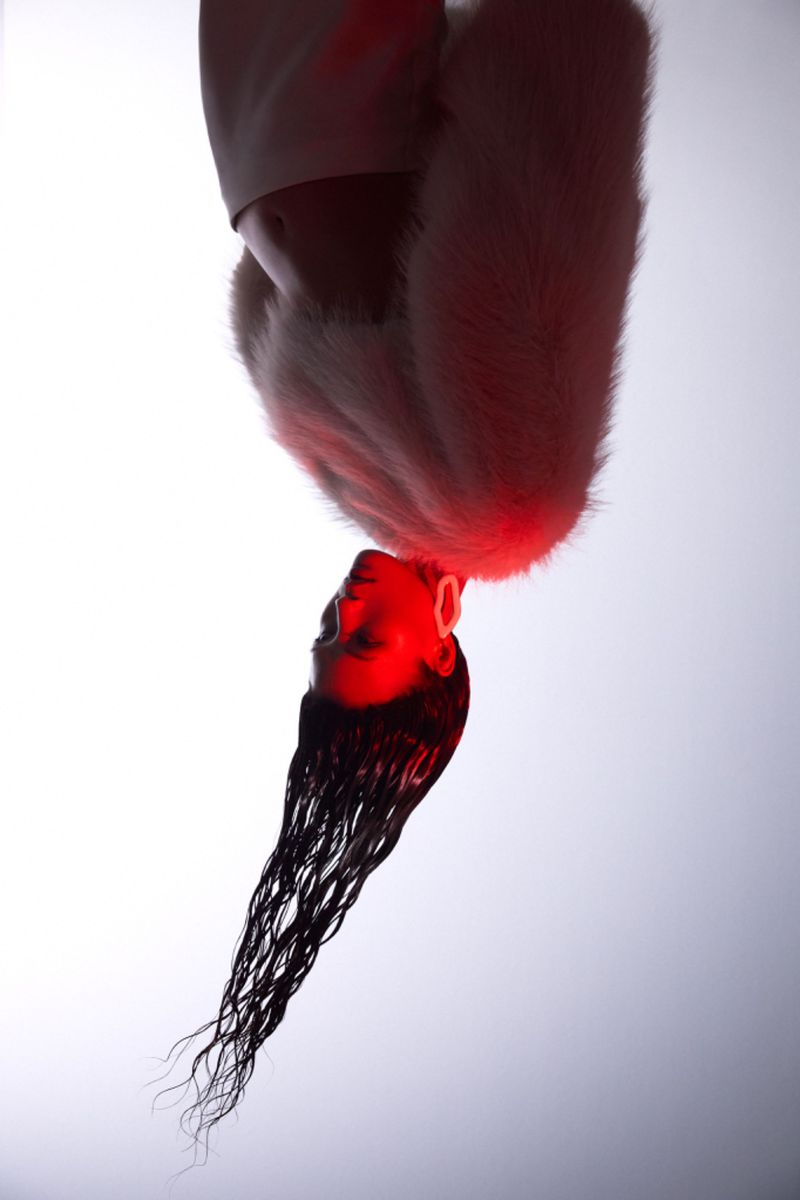 A headshot portrait of an adult woman with long dark hair, wearing a white faux fur collar, lit by soft red light against a white gradient background.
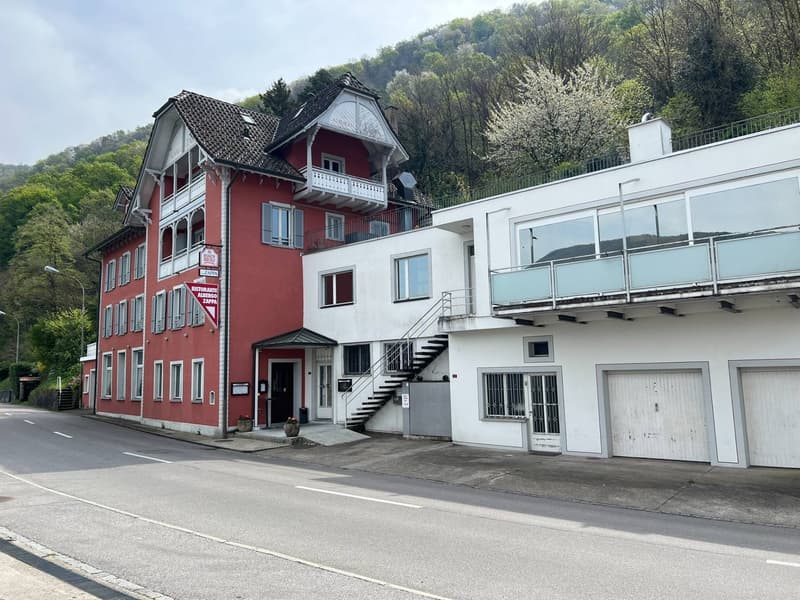 3 story building, red facade, white trim, balcony on the second floor, 2 garages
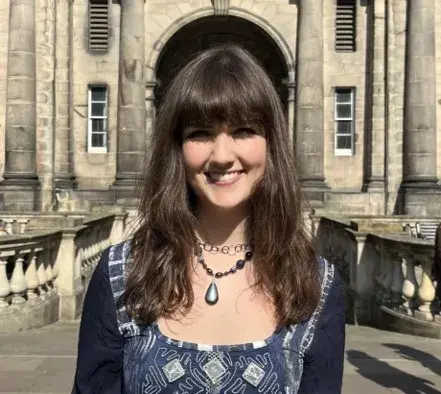 Portrait of Lex Shackley, a student from the Our Minds Scholarship, University of Edinburgh 2025 cohort.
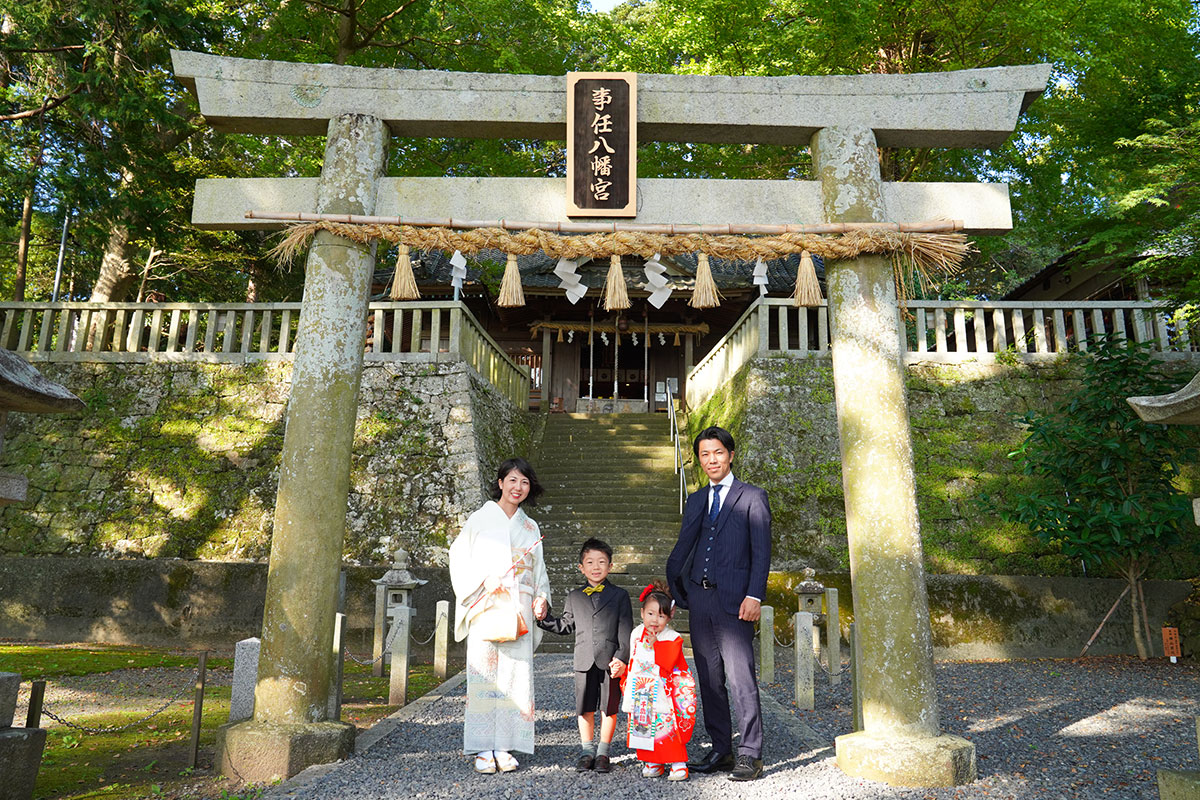 神社の鳥居の前に立つ七五三の家族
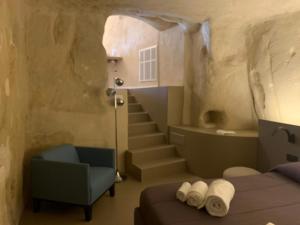 a bedroom with a bed and a chair and stairs at Al Vico in Matera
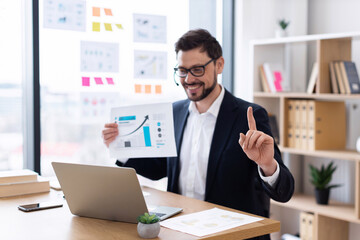 Young adult male business professional presenting charts and financial data in office. Confident...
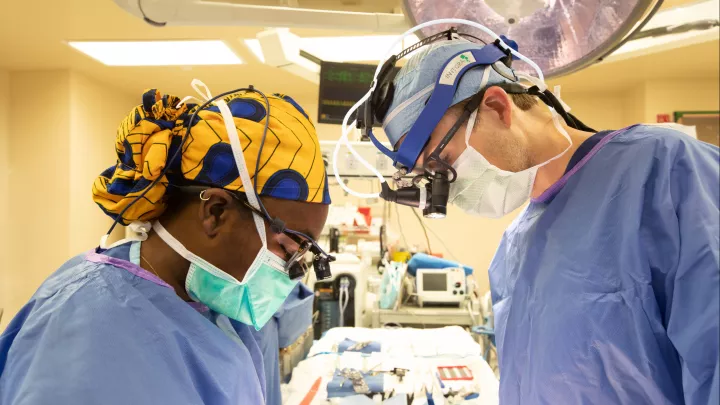 Two masked surgeons wearing full PPE and magnifying eyewear look down in surgical operating room in hospital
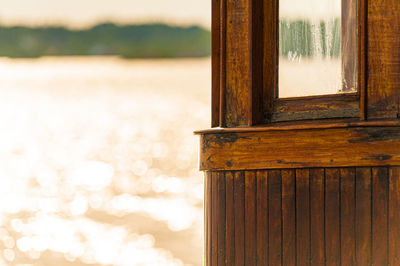 Close-up of window on wooden door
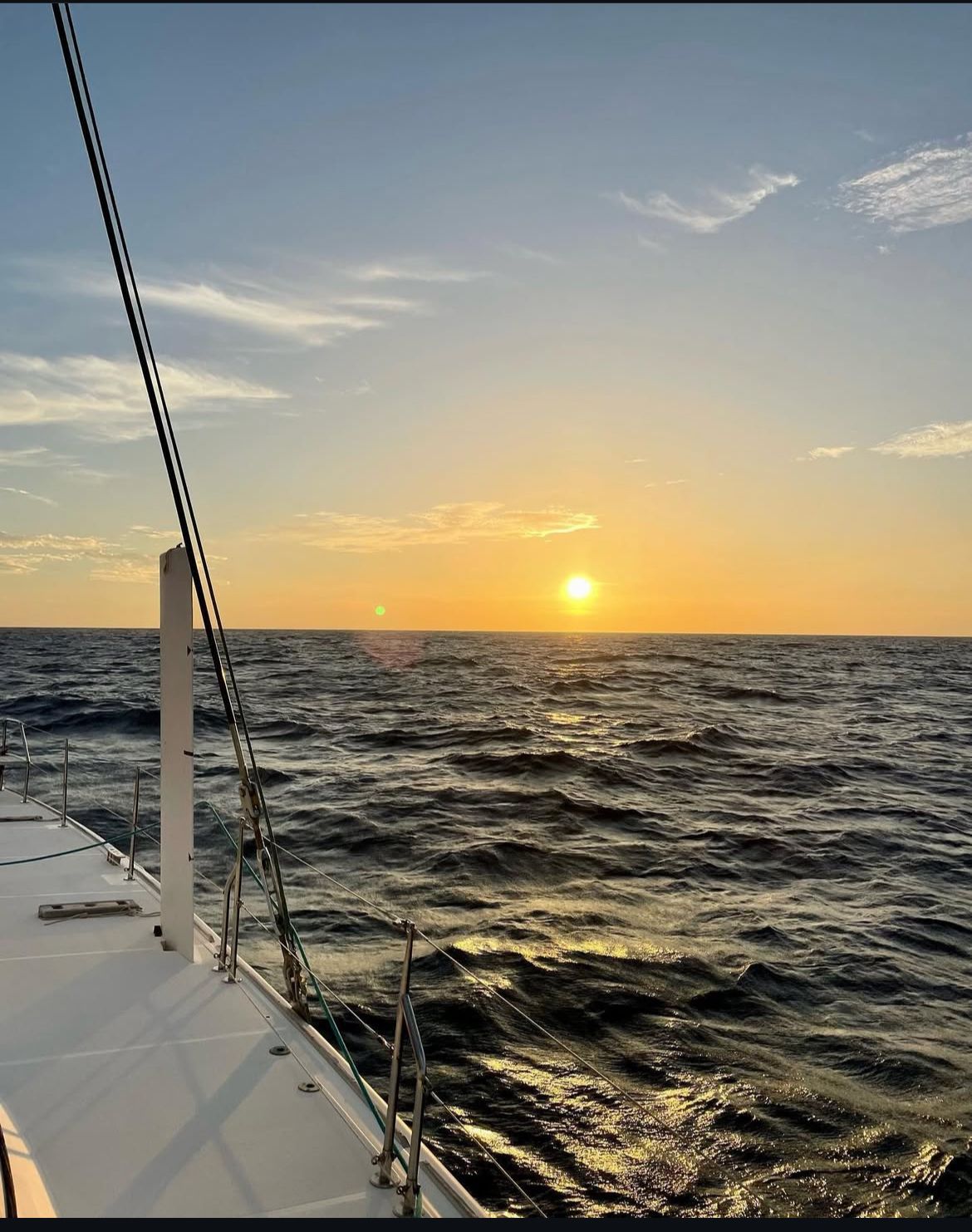 Een zeilboot drijft op een groot wateroppervlak bij zonsondergang.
---------------
* ASSIGNED TASK: Return only the lines from the one that contains "3 story building, red" through the closing line of the data, inclusive, reproduced exactly and with every picture left out.

* TASK SOLUTION:
 3 story building, red facade, white trim, balcony on the second floor, 2 garages
 Portrait of Lex Shackley, a student from the Our Minds Scholarship, University of Edinburgh 2025 cohort.
 神社の鳥居の前に立つ七五三の家族
 a bedroom with a bed and a chair and stairs at Al Vico in Matera
 Young adult male business professional presenting charts and financial data in office. Confident...
 Two masked surgeons wearing full PPE and magnifying eyewear look down in surgical operating room in hospital
 Close-up of window on wooden door
 Een zeilboot drijft op een groot wateroppervlak bij zonsondergang.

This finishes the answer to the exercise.